Lord Brown of Eaton-under-Heywood Portrait Lord Brown of Eaton-under-Heywood (CB)
- Hansard - -

My Lords, I shall deal briefly with the suggested distinction between “may” in the 2006 Act and “must” in the present Bill which, as the noble Lord, Lord Beecham, has said, I touched on at Second Reading. The Minister submitted then that this was a significant distinction and he compared it to the critical difference between those same two words, “may” and “must”, on which the Government the previous week had been defeated three times when the House divided on three clauses in Part 4 of the Criminal Justice and Courts Bill, all about judicial review. With respect to the Minister, for whom I have the highest regard, this was an uncharacteristically and thoroughly bad point and an inept comparison, because of course there was all the difference in the world between saying in the original Clause 70 of the Criminal Justice and Courts Bill that the High Court “must” refuse in certain specified circumstances to grant judicial review relief and saying, as on amendment to that Bill Clause 70 now does, that the court “may” refuse to grant relief. It is a completely different position in a Bill like the one now before us where the provision is simply about the court having regard to a particular consideration.
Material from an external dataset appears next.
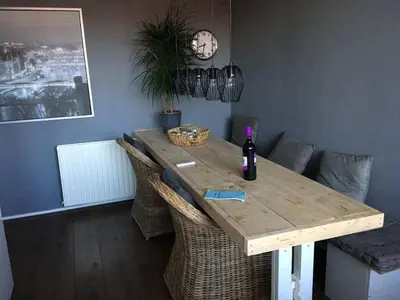 a dining room table with a bottle of wine on it at Holiday apartment in Alkmaar in Alkmaar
It is notable that when the noble Baroness, Lady Ashton, who promoted the 2006 Bill in Committee, resisted what was then a proposed amendment from “may” to “shall”—which is much the same as “must”—she said:

“The reason why we said “may” rather than “shall” is that when a court looks at a negligence claim it takes into account all the circumstances of an individual case; those circumstances, of course, vary dramatically from one case to another, as all those who are members of the legal profession will know far better than I. It would not be appropriate to require the courts to take the factor in Clause 1 into account in all cases, which would be the effect of changing “may” to “shall”. In some cases, it will just not be relevant, so by making that change we would be trying to make the courts do something that in the normal course of their activities we would not expect them to do—which is, to take into account factors that have no relevance at all. So we have said that they may take them into account, but we are not requiring them to, because of the range and variety of cases”.—[Official Report, 15/12/05; col. GC200.]
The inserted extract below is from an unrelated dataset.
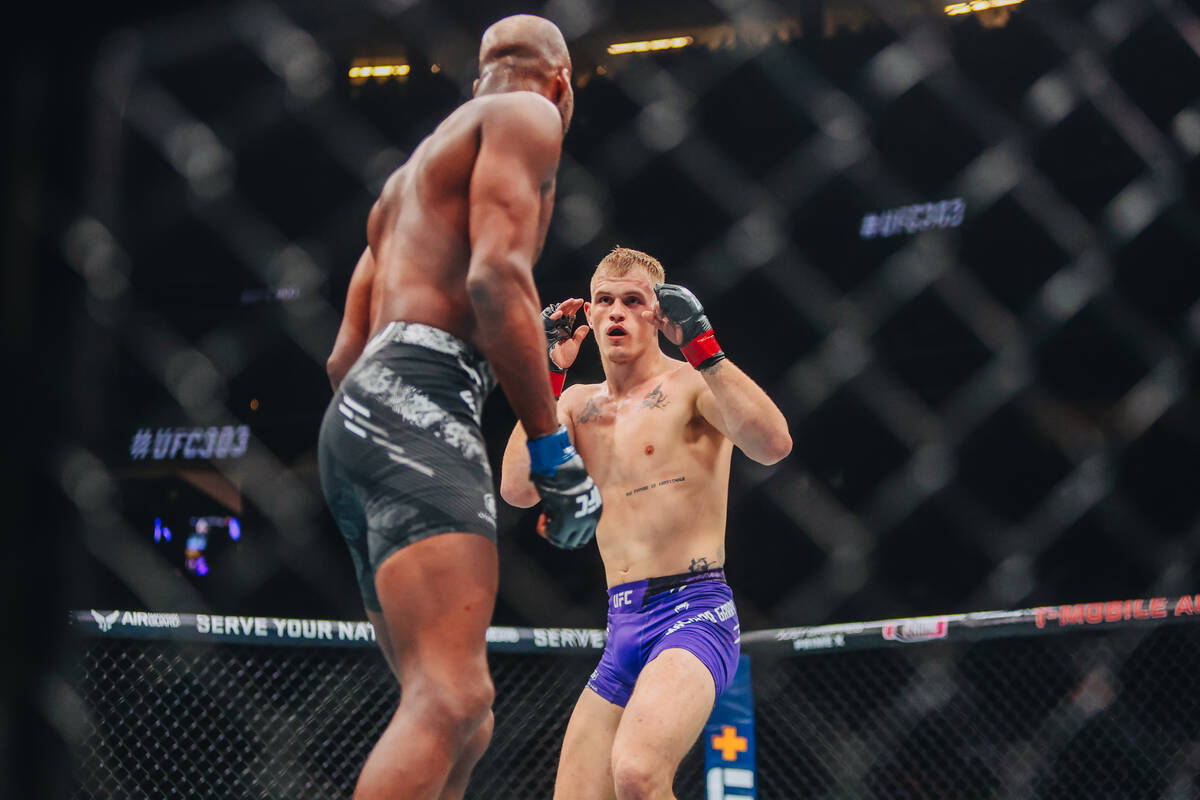 Ian Machado Garry, facing, fights Michael Page during their welterweight bout at UFC 303 at T-M ...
A little later she contrasted a negligence claim against an accountant, where the concept of a “desirable activity” would of course be irrelevant, with an injury suffered at Girl Guides or on a school trip, where a “desirable activity” becomes a highly relevant concept. Frankly, it would have mattered little, even in the cases where it was quite irrelevant, if the courts had in fact been bound to have regard to this irrelevant consideration before then summarily discarding it. So too here: it can make no material difference to the outcome of any case whether the word used is “may” or “must”. That is the central point, as I made plain at Second Reading. There is no real difference between this Bill, the 2006 Act, and indeed the common law as it was already developing without the need for any statutory intervention at all. Accordingly, for my part I am quite indifferent to both of these competing Amendments 2 and 3. Rather, in common with the noble and learned Lord, Lord Lloyd, I object to the Bill as a whole. If the House eventually divides on Report, I shall vote that none of these provisions should stand part.